School of Electrical Engineering and Computer Science, Gwangju Institute of Science and Technology, Gwangju, South Korea.
Artificial Intelligence Graduate School, Gwangju Institute of Science and Technology, Gwangju, South Korea.
J Comput Biol. 2022 Aug;29(8):892-907. doi: 10.1089/cmb.2021.0598.

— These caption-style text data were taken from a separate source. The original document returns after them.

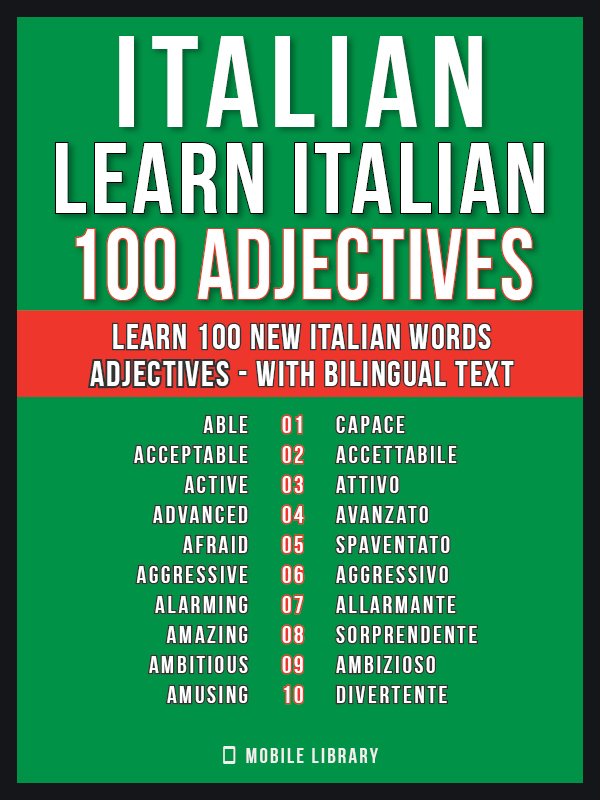 100 ADJECTIVES WITH BILINGUAL TEXT N In English In Italiano 1 - photo 3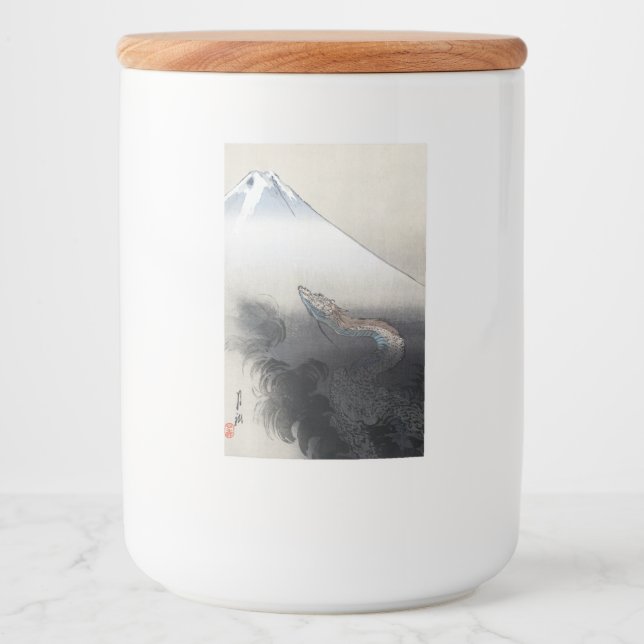 Ryu Shoten über Fuji, Japan Lebensmitteletikett (Vorderseite)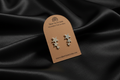 Trio Star Stud Earrings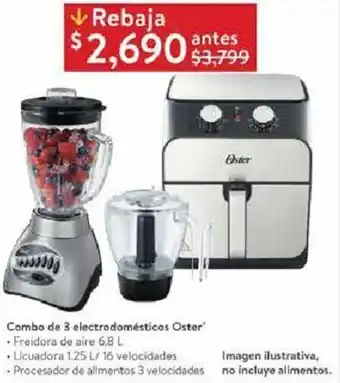 Oster Combo de Electrodomésticos 6,8L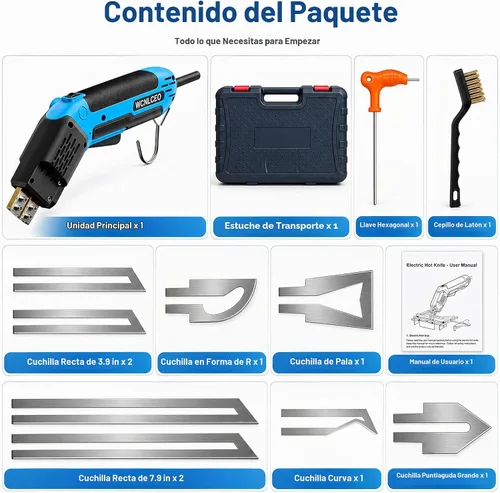 Vista 6 de Nuevo modelo: cortador de espuma, cuchillo eléctrico caliente, kit de herramientas de corte de espuma, kit de herramientas de corte de espuma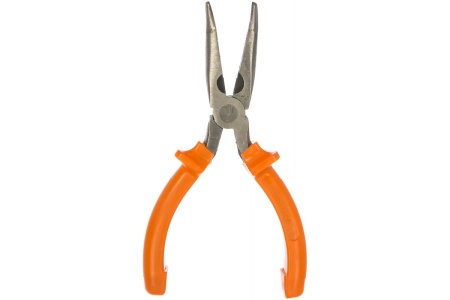 Изогнутые длинногубцы, 160 мм, шлифованные, пластмассовые рукоятки SPARTA Classic 17411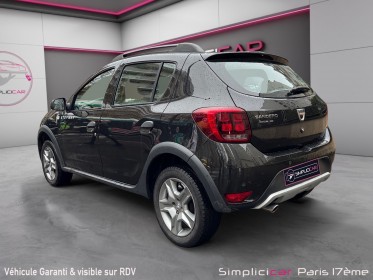 Dacia sandero tce 90 stepway / radar de recul / barres de toit / entretien renault / garantie 12 mois occasion paris 17ème...
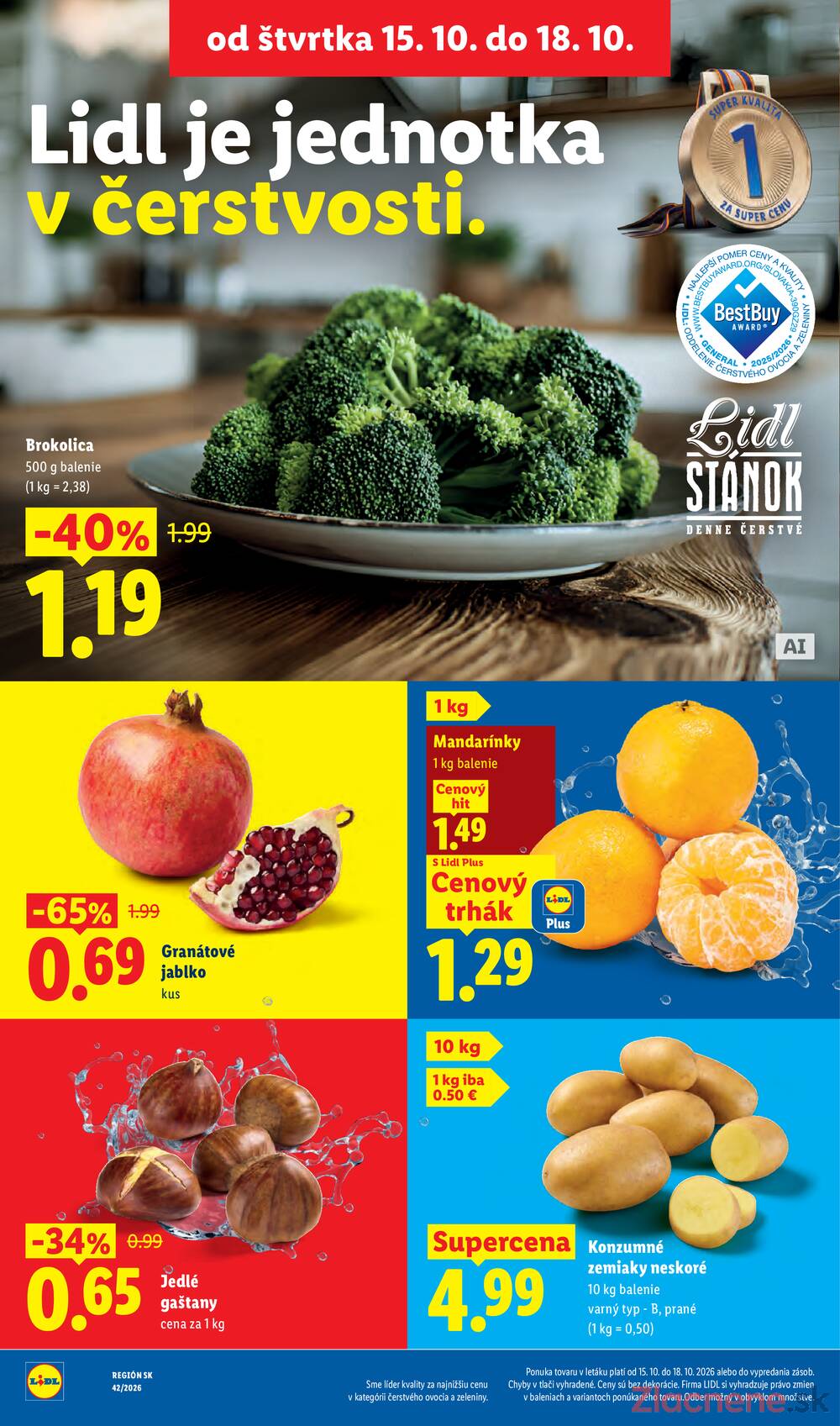 Lidl 12.10. - 18.10.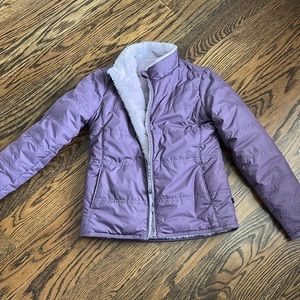Girls Athleta Reversible Jacket Size Small (7)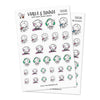 Piiku planner stickers - Music, S0026, music stickers, kawaii stickers, dj sticker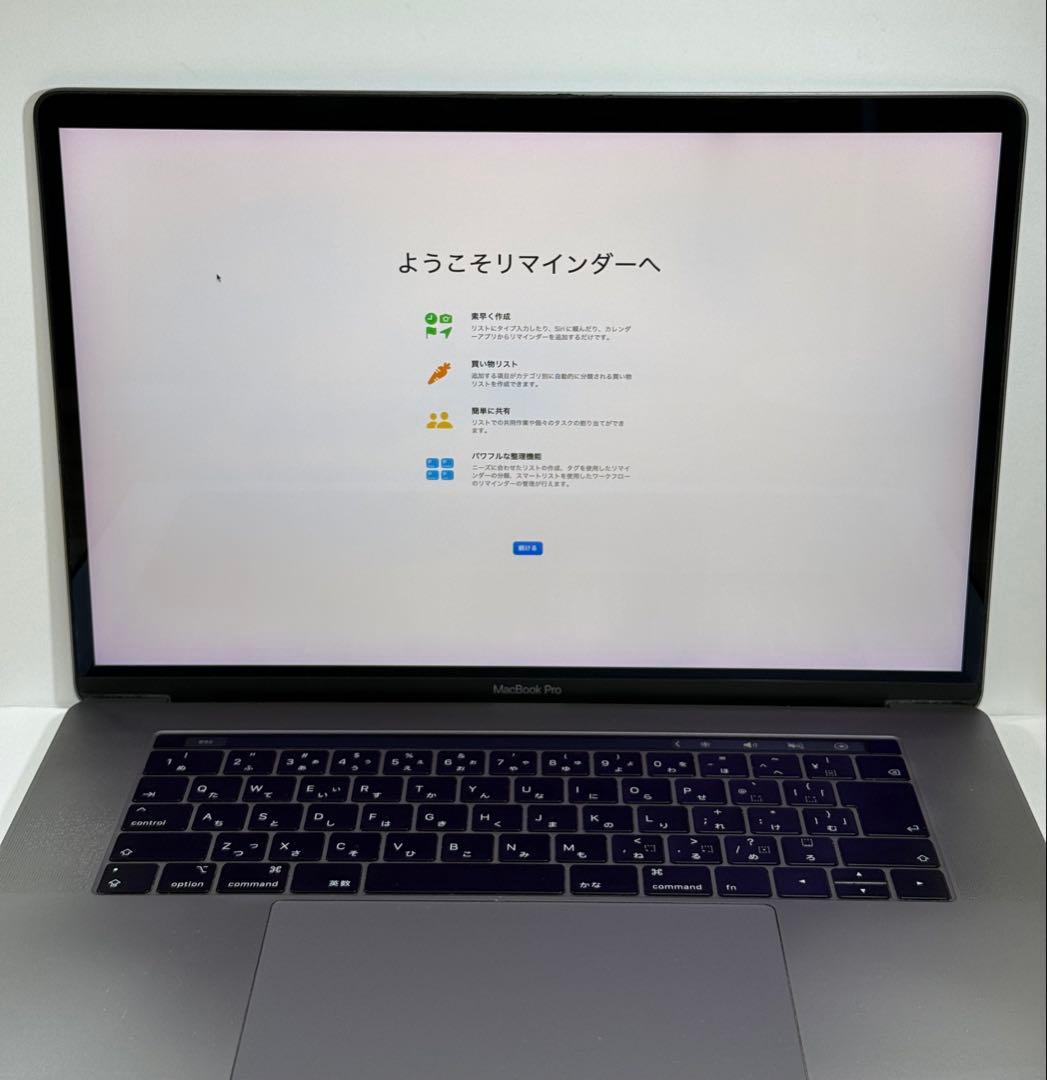 MacBook本体 Apple MacBook Pro 15 2019 i7/16GB/500GB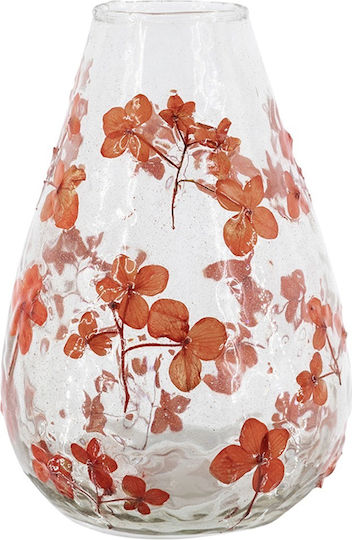Artekko Glass Vase Aphelios Transparent 12.5x12.5xH18cm Artekko Glass Vase Aphelios Transparent 12.5x12.5xH18cm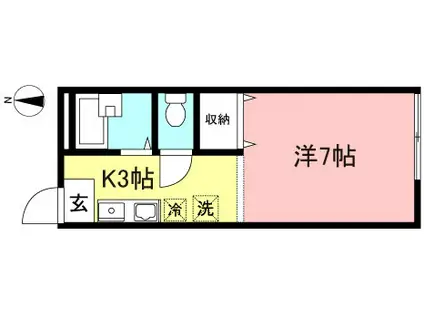 グレイスティー(1K/1階)の間取り写真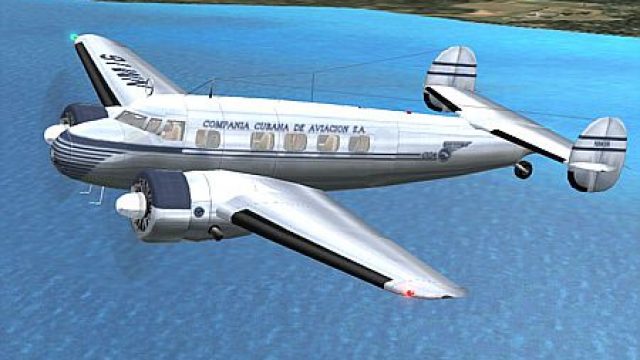 Screenshot 1 — Cubana Lockheed L-10 Electra NM16
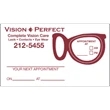 Glasses Kiss-Cut Appointment Card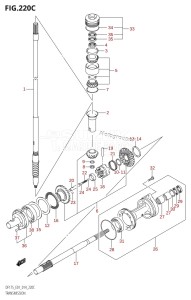 DF175T From 17502F-410001 (E01 E40)  2014 drawing TRANSMISSION (DF150TG:E01)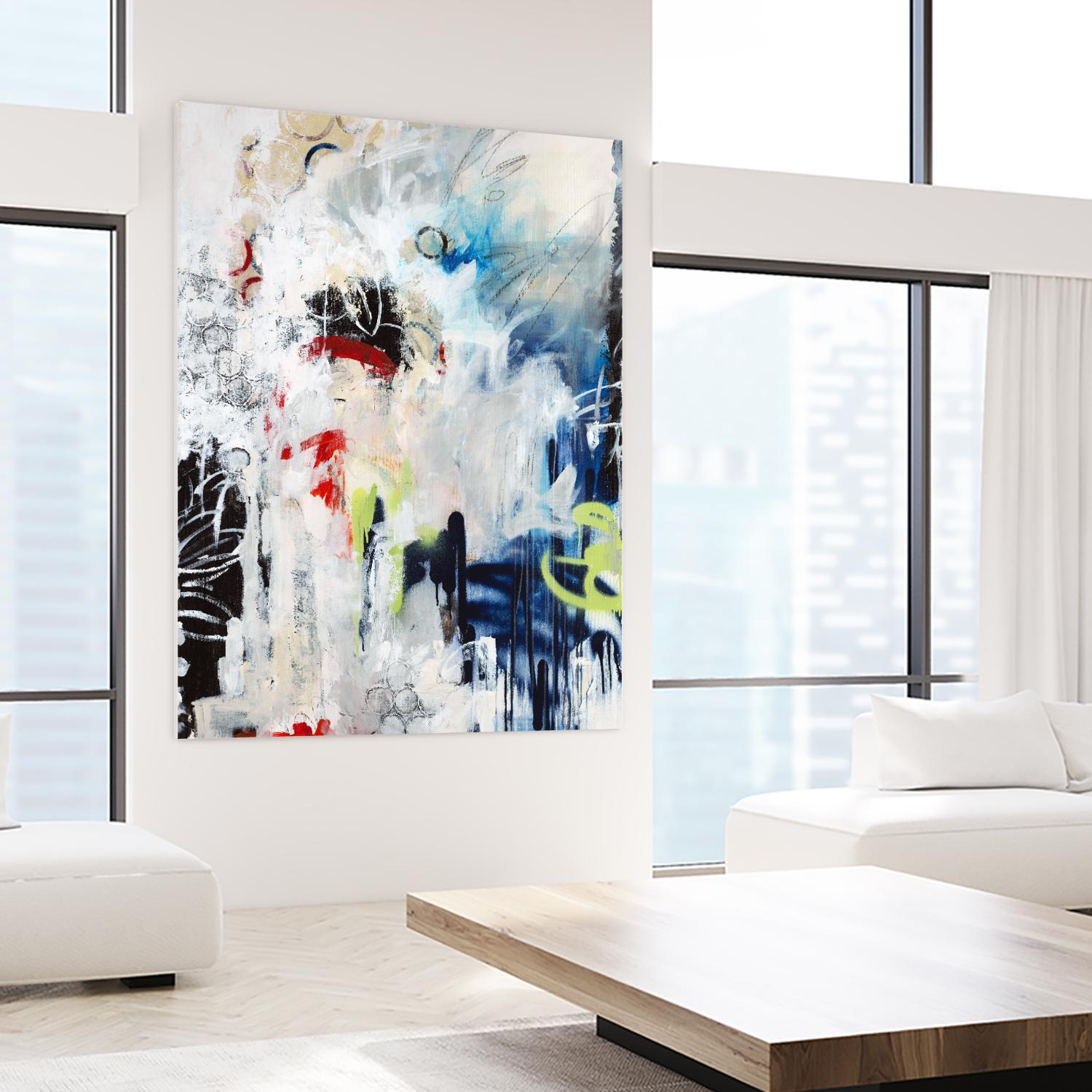 Painted Vase by Daleno Art on GIANT ART - abstract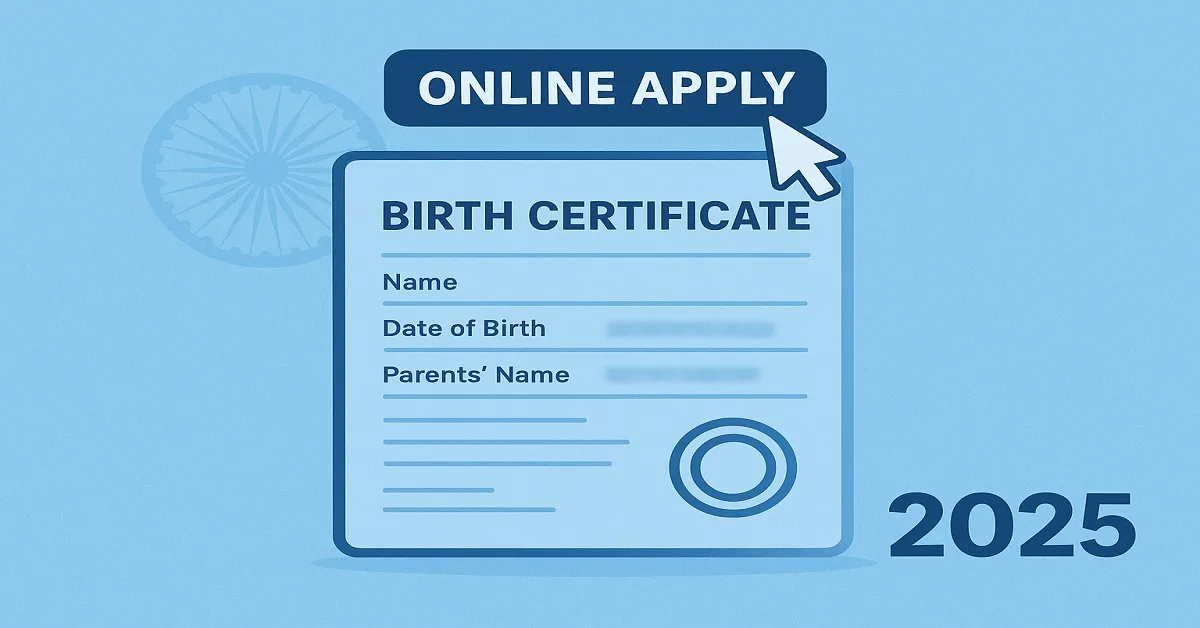 Birth Certificate Online Apply process with online application form and 2025 update
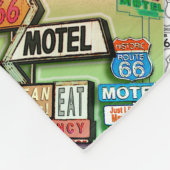 ROUTE 66 FLEECE DEKEN (Hoek)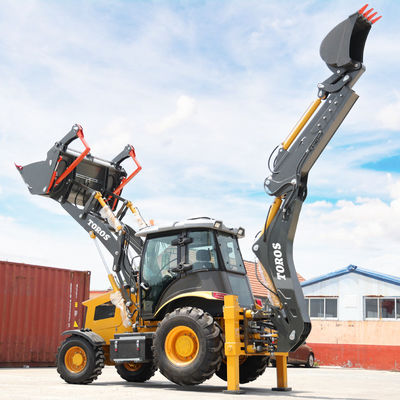 Equipamento de carregador de retroescavadeira de rodas de 2500 kg
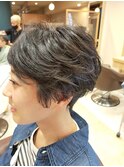 仙台D クールショート×マッシュボブ×ニュアンスパーマ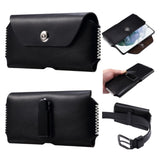 Maxbell Universal PU Cell Phone Belt Pouch Waist Bag Ourdoor Black 5.8 6.1 Inch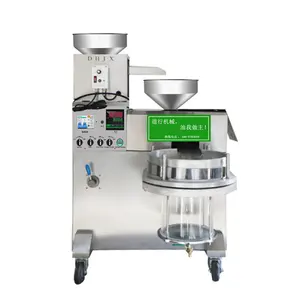 Máquina de prensado de aceite para uso doméstico, con filtro de aceite al vacío, de fábrica, 15 Kg/h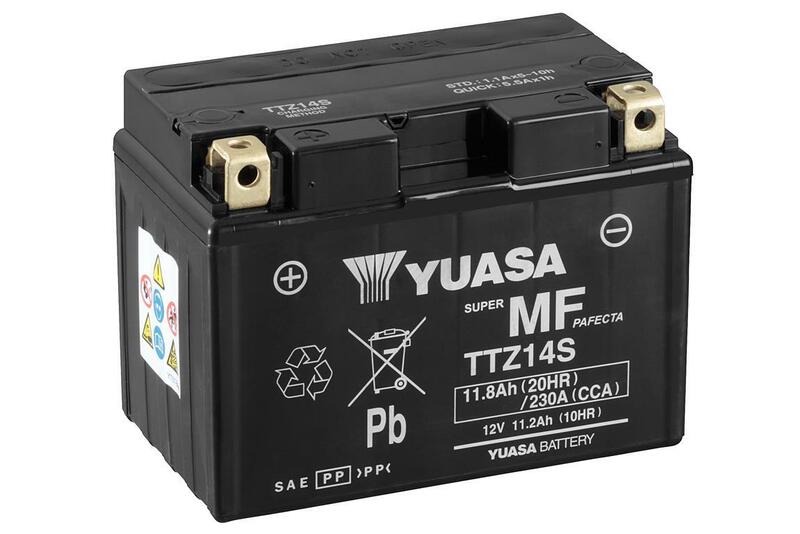 YUASA wartungsfreie Batterie mit Säurepaket - TTZ14S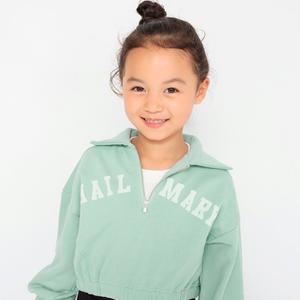 Толстовка с логотипом и застежкой-молнией до середины груди Branshes, цвет Light Green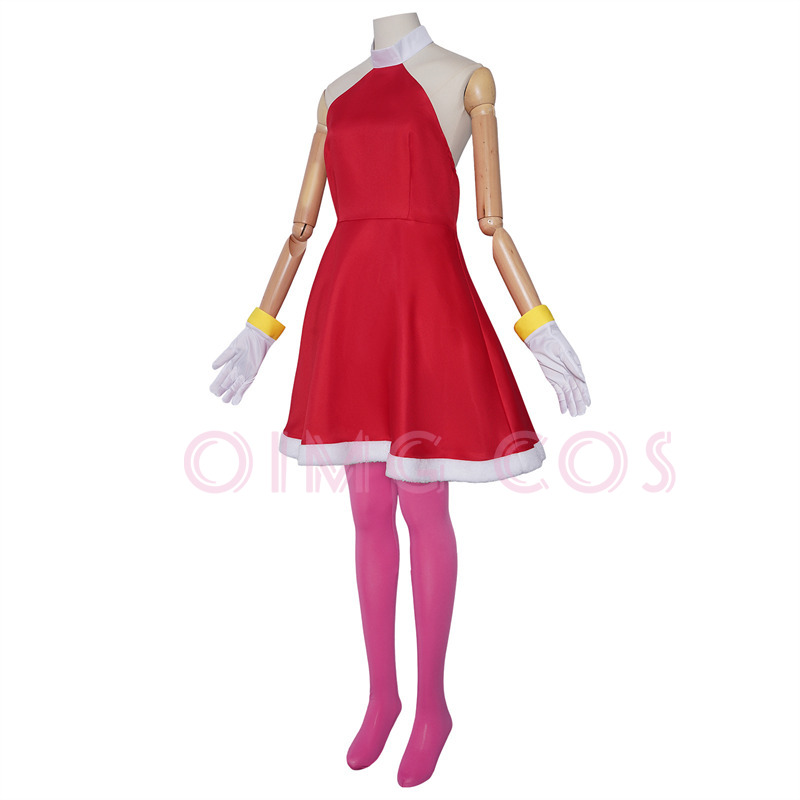Amy Rose Cosplay Costume Adult - Anime Cosplay Outfits For Women recension och pris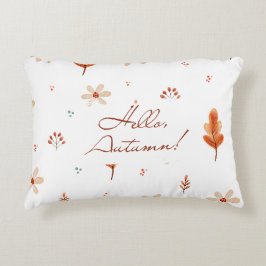 Cojín Decorativo Hola Otoño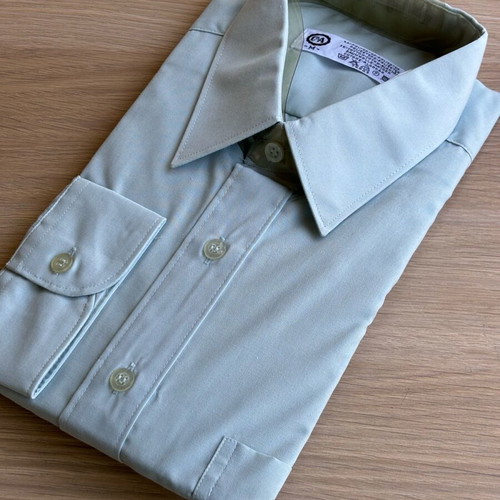 New C&A solid color shirt, size M, blue/green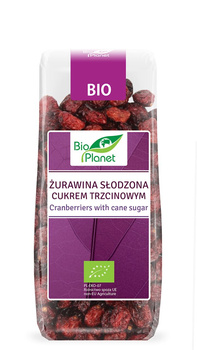 Żurawina Słodzona Cukrem Trzcinowym BIO 100 g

Integration of multi-omics data provides opportunities for revealing biological mechanisms related to certain phenotypes. We propose a novel method of multi-omics integration called supervised deep generalized canonical correlation analysis (SDGCCA) for modeling correlation structures between nonlinear multi-omics manifolds that aims at improving the classification of phenotypes and revealing the biomarkers related to phenotypes. SDGCCA addresses the limitations of other canonical correlation analysis (CCA)-based models (such as deep CCA, deep generalized CCA) by considering complex/nonlinear cross-data correlations between multiple (2) modalities. Although there are a few methods to learn nonlinear CCA projections for classifying phenotypes, they only consider two views. Methods extended to multiple views either do not perform classification or do not provide feature ranking. In contrast, SDGCCA is a nonlinear multi-view CCA projection method that performs classification and ranks features. When we applied SDGCCA in predicting patients with Alzheimer's disease (AD) and discrimination of early- and late-stage cancers, it outperformed other CCA-based and other supervised methods. In addition, we demonstrate that SDGCCA can be applied for feature selection to identify important multi-omics biomarkers. On applying AD data, SDGCCA identified clusters of genes in multi-omics data, well known to be associated with AD.
多组学数据的整合为揭示与某些表型相关的生物学机制提供了机会。我们提出了一种名为监督深度广义典型相关分析(SDGCCA)的新型多组学整合方法,用于对非线性多组学流形之间的相关结构进行建模,旨在改善表型分类和揭示与表型相关的生物标志物。SDGCCA 通过考虑多个模态之间的复杂/非线性交叉数据相关性,解决了其他基于典型相关分析(CCA)的模型(如深度 CCA、深度广义 CCA)的局限性。尽管有一些方法可以学习用于表型分类的非线性 CCA 投影,但它们仅考虑两个视图。扩展到多个视图的方法要么不执行分类,要么不提供特征排名。相比之下,SDGCCA 是一种用于分类和特征排名的非线性多视图 CCA 投影方法。当我们将 SDGCCA 应用于预测阿尔茨海默病(AD)患者和区分早期和晚期癌症时,它优于其他基于 CCA 的方法和其他监督方法。此外,我们证明了 SDGCCA 可用于特征选择,以识别重要的多组学生物标志物。在应用 AD 数据时,SDGCCA 识别了多组学数据中与 AD 相关的基因簇。